YOUR INSTRUCTIONS: Transcribe the listing underneath, keeping each word exact and omitting the images.

DATASET EXTRACT:
┌────────

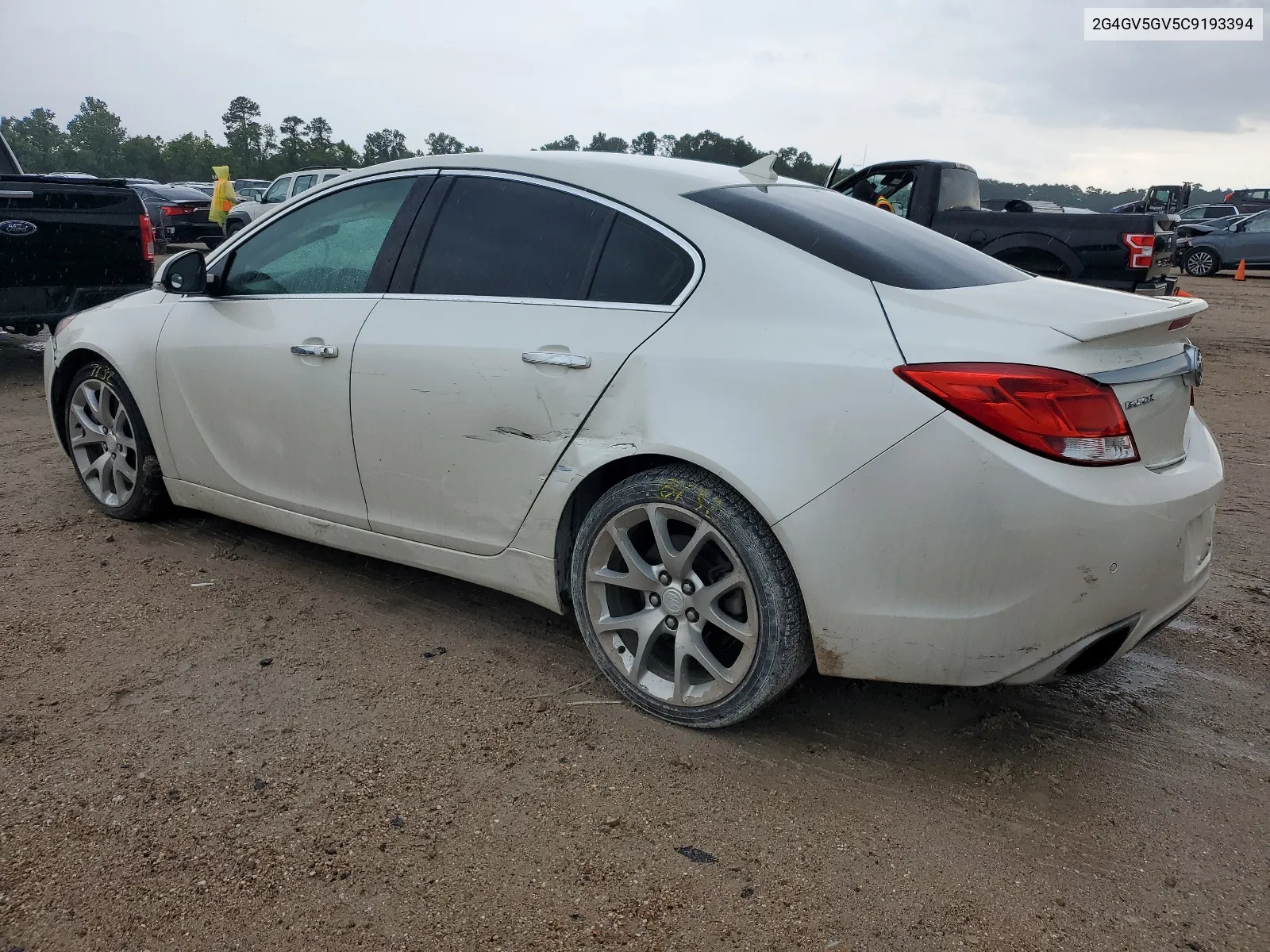 2G4GV5GV5C9193394 2012 Buick Regal Gs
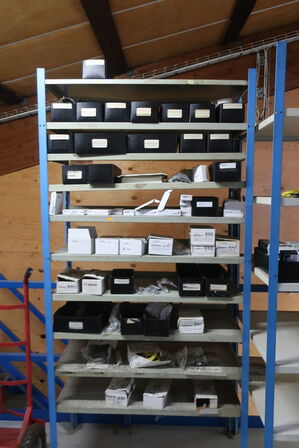 2 fag lagerreol med indhold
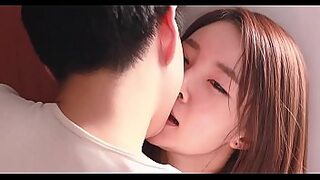 Blonde Cougar Nails Stepboy's Thug Cock🍆 Hard in Home Invasion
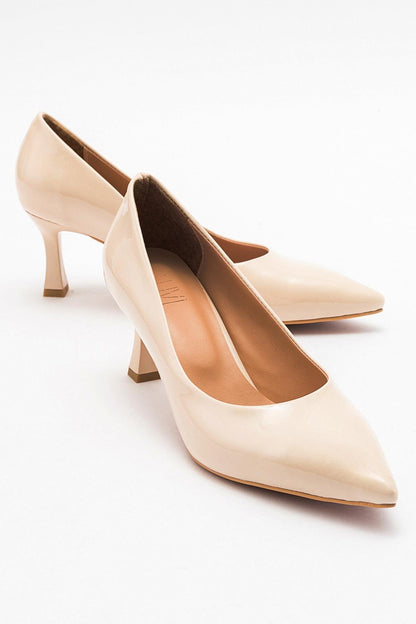 Pedra - Zapatos de tacón en punta de charol beige (Mujer)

└────────

ANSWER BELOW:
 2G4GV5GV5C9193394 2012 Buick Regal Gs
 2 fag lagerreol med indhold
 Blonde Cougar Nails Stepboy's Thug Cock🍆 Hard in Home Invasion
 Pedra - Zapatos de tacón en punta de charol beige (Mujer)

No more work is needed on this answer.